• [ACTION ITEM]:
Find every line containing the word "Cooling" in the records below; report only how many there are.

Brief descriptive captions:
▼▼▼

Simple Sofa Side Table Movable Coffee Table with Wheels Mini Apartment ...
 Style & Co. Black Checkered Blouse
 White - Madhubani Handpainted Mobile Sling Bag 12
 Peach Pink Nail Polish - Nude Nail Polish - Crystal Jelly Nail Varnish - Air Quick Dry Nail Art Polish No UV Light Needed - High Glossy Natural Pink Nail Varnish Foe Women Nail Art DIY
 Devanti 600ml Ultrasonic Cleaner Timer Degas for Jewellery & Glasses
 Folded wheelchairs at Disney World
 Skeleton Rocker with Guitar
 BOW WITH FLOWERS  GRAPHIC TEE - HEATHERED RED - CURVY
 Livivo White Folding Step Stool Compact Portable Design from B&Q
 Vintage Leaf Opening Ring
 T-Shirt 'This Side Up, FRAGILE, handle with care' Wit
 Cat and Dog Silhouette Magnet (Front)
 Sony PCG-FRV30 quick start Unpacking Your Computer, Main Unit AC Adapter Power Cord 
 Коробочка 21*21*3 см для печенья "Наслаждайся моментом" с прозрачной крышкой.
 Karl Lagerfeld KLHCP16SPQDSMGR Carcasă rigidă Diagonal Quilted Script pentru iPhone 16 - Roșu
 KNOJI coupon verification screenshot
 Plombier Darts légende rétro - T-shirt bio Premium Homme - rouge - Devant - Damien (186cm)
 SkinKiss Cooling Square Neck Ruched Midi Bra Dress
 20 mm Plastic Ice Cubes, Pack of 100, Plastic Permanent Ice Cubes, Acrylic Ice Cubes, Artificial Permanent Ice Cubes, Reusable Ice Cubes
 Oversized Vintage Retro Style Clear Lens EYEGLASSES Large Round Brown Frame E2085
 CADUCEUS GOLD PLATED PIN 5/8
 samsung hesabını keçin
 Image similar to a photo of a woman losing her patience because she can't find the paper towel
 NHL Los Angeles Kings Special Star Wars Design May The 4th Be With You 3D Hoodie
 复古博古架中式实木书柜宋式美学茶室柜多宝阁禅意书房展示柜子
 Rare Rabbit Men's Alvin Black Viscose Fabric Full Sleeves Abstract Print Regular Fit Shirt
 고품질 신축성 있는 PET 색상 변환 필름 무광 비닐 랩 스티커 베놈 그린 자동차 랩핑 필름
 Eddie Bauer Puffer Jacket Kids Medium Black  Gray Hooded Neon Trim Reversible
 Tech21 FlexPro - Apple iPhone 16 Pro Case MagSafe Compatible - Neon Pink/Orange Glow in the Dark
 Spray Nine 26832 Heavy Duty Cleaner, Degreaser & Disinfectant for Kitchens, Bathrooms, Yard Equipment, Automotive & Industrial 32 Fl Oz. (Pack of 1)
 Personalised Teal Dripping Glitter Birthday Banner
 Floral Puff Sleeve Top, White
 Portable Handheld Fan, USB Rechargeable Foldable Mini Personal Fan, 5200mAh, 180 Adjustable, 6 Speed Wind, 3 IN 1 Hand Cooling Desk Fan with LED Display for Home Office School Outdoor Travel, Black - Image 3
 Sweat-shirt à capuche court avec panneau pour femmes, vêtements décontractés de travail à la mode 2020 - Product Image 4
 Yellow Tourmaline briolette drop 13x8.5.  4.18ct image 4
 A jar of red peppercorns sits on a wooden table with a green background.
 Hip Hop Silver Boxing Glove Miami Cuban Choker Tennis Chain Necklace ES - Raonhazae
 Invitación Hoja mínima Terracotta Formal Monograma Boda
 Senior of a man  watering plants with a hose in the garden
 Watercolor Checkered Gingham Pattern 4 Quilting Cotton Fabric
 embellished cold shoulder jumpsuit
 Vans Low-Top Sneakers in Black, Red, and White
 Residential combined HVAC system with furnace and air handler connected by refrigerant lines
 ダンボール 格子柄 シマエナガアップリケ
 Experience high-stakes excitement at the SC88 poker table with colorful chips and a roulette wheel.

▲▲▲

• [SOLUTION]:
2